Your term does not contradict the uniqueness of the normal form. Indeed, in $(\lambda f. \lambda x.f(fx)) (\lambda y.y+1) 2$ there is only one $\beta$-redex, i.e. only one sub-term that can be reduced: $(\lambda f. \lambda x.f(fx)) (\lambda y.y+1)$. Thus, you can start only the first evaluation you wrote.
Why? If you have a term of the form $MNL$ then it has to be read as $(MN)L$, and you cannot read it as $M(NL)$. This is the unambiguous way terms are defined in the $\lambda$-calculus.
So, your term $(\lambda f. \lambda x.f(fx)) (\lambda y.y+1) 2$ is actually $\big( (\lambda f. \lambda x.f(fx)) (\lambda y.y+1) \big) 2$ and hence you cannot start the second evaluation you wrote.

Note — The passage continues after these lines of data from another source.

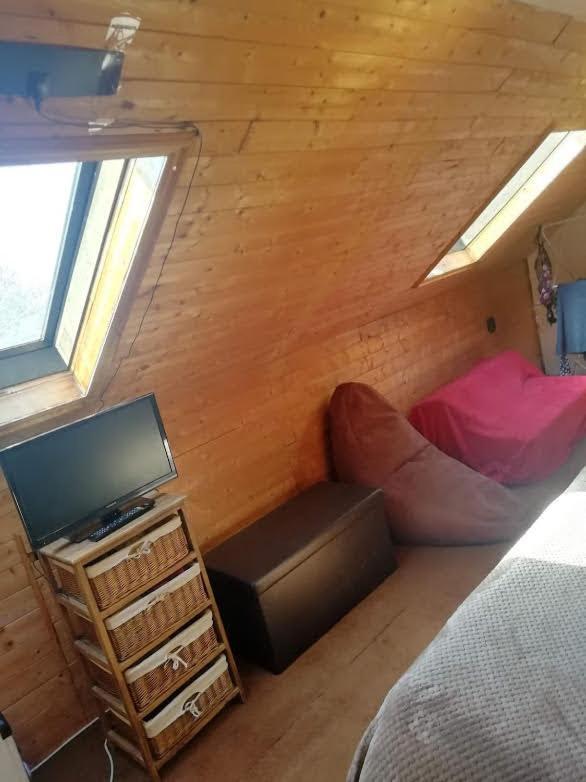 דירות Cozy Loft In Bushey, 20 Mins By Train To Euston London מראה חיצוני תמונה
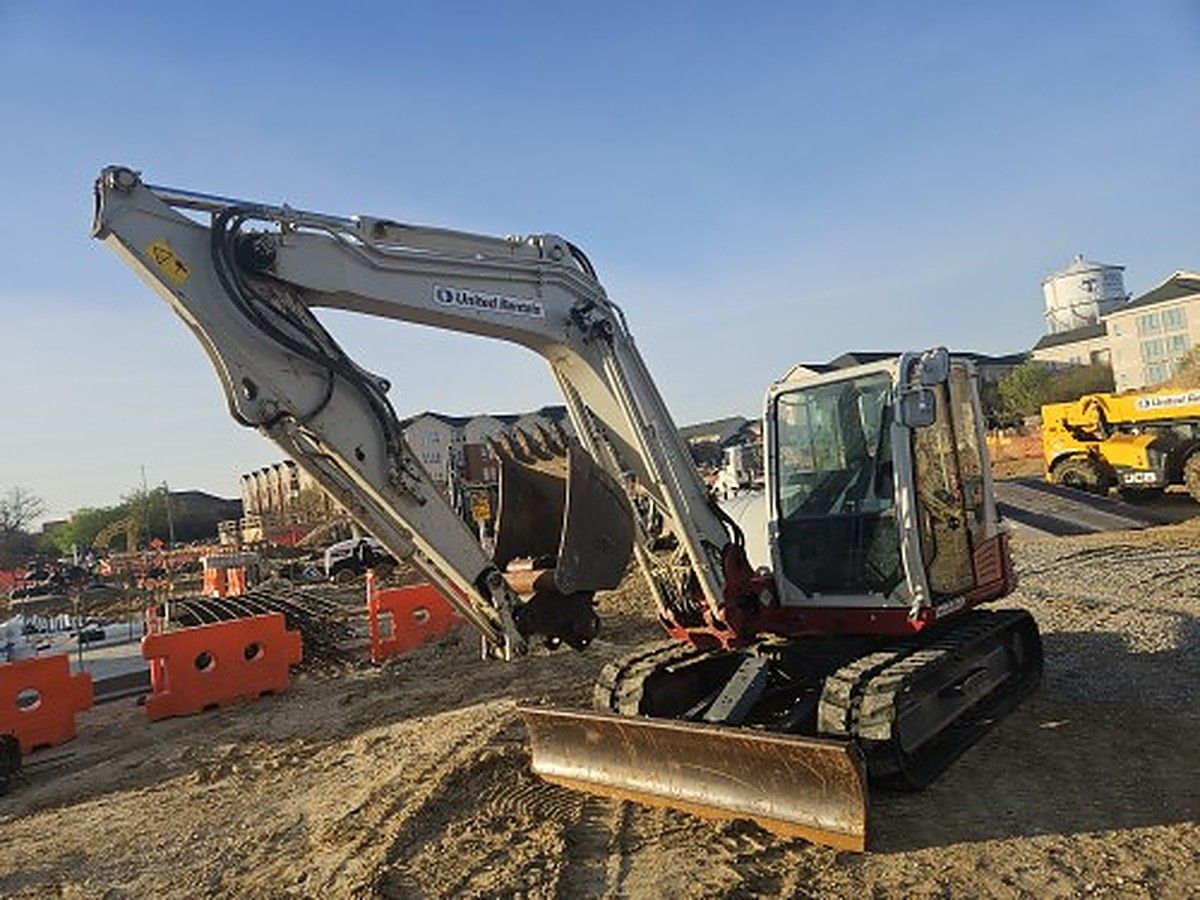 TAKEUCHI TB290C photo 4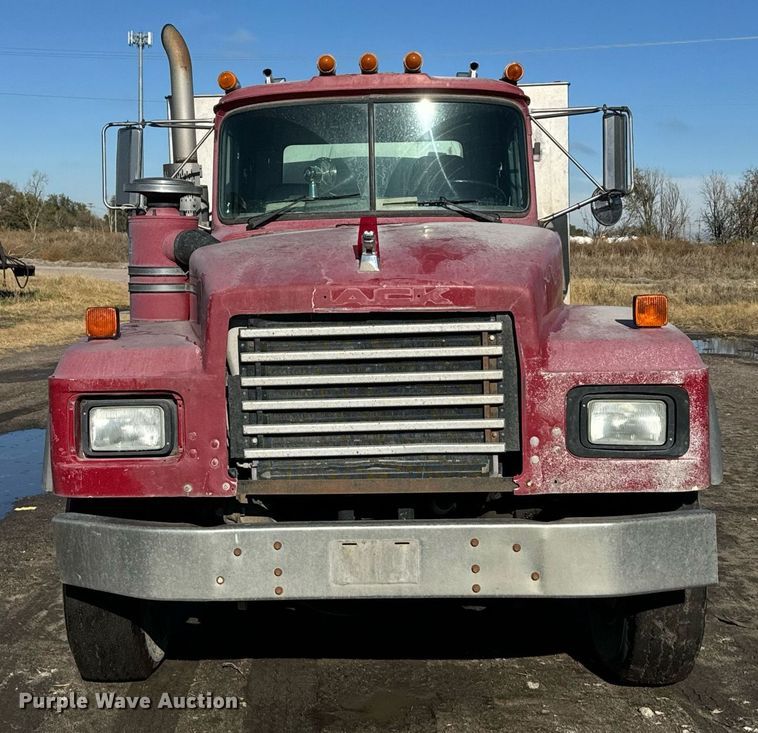 image for item DX3774 1996 Mack RD600 dump truck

Note that there is the same mistake also at the end of your first evaluation: the term $(\lambda y.y+1)(\lambda y.y+1)2$ has to be read as $\big( (\lambda y.y+1)(\lambda y.y+1) \big) 2$ and not as $(\lambda y.y+1) \big((\lambda y.y+1)2\big)$, hence it $\beta$-reduces to $(\lambda y.y+1+1) 2$ and not to $(\lambda y.y+1) (2+1)$.